How to complete this task: Return the lines of the data below starting at the one holding "У Вараші рятувальники" and ending at the one holding "Mercedes-Benz Klasa E - 27", word for word, leaving every picture out.

Information supplied:

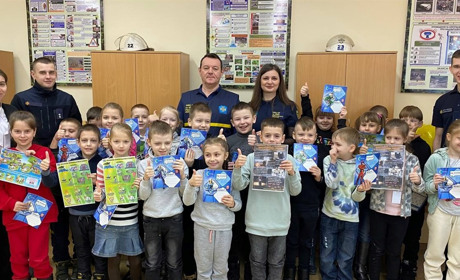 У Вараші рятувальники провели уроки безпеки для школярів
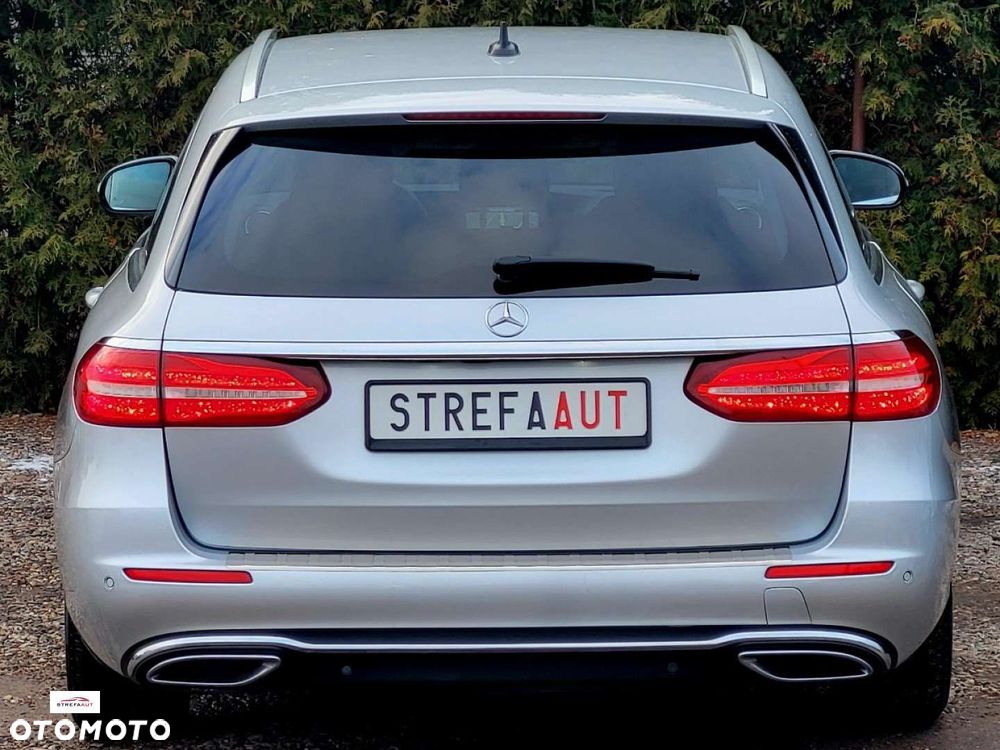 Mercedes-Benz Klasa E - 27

* * *

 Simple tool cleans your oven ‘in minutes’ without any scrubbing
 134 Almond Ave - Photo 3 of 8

---

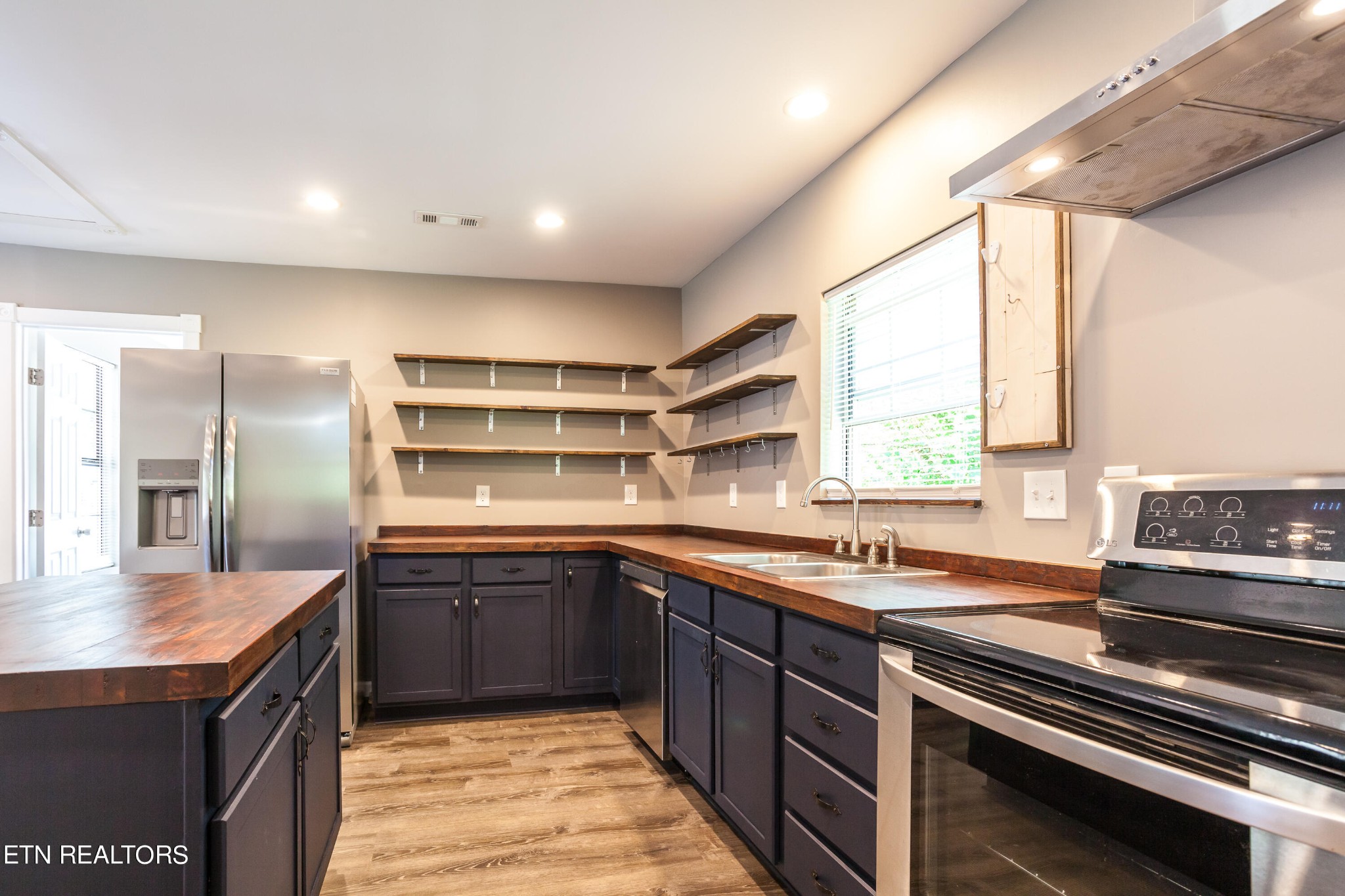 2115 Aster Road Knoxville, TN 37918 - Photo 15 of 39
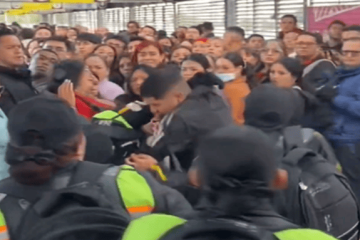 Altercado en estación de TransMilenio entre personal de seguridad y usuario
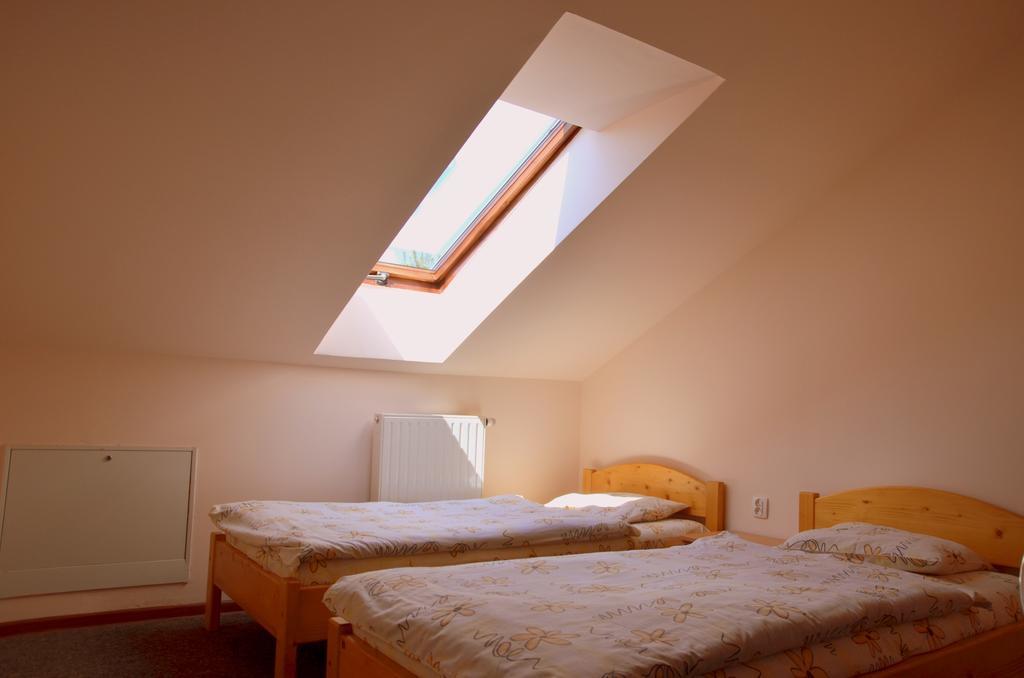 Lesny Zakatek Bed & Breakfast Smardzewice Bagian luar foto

Task result:
 У Вараші рятувальники провели уроки безпеки для школярів
 Mercedes-Benz Klasa E - 27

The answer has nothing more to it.